When the manager saw our amazement and eyes big with skepticism he decided to take mercy on us and give us a tour of the processing plant. Not only do they pack the crabs here but they also have vats where they actually let the crabs molt. This is a process where, during the molting season, they capture the hard-shell blue crabs just before they loose their shell. The crab must periodically shed its smaller shell through this molting process in order for it to grow larger. They put them in these vats and wait for them to shed their old shells and while they are in this completely soft state they are ready to be processed, packed, sold and eventually lightly battered, sautéed, and consumed.

Everyone in this part of the Chesapeake seems very into “crabbing.” It seems that if a local has access to water then they also own a few crab pots for personal capture and consumption. We like this idea of do-it-yourself crabbing.

The professionals are called “watermen.” Their catch includes not only crabs (summer) but oysters (winter) as well. Many are independent fishermen who own their own boats and equipment and sell their catch to seafood houses. The fishing boats they use are unique in design and have beautiful lines that look smart out on the water as they go about their job.

We got a kick out of this sign. It looks like the “hot crabs” got a little too hot for this house. This is just an example of the signage that surrounds the area. It’s crab-this or crab-that everywhere you look.

We have continued our experimentation with crab dishes and for the moment decided that crab cakes are the way to go. And if you’re going to eat crab cakes, this is the area to do it. Most crab cakes found in restaurants here are usually all lump crabmeat with very little filler ingredients. These large cakes, which are usually lightly sautéed, make a good choice when eating out in Solomons, especially if you’re not into a lot of messy picking.
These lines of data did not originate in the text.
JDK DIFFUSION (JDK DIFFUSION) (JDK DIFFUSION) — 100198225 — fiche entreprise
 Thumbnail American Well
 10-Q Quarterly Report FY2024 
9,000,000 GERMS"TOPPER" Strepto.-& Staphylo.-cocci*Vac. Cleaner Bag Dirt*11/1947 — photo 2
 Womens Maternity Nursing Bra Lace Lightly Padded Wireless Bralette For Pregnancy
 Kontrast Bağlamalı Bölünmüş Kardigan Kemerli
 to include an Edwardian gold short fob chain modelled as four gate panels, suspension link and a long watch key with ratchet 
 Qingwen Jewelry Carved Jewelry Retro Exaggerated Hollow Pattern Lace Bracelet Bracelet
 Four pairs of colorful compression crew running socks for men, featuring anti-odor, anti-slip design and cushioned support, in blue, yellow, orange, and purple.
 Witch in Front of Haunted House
We’ve enjoyed learning about crabs and being immersed in the culture that cherishes this bountiful catch. It differs greatly from what we know in our bones, being lifelong residents of the Great Lakes, but we feel that our lives have become richer for the opportunity to venture outside our “box,” opening ourselves up to something previously unknown to us, and in turn has added another dimension to our journey through life.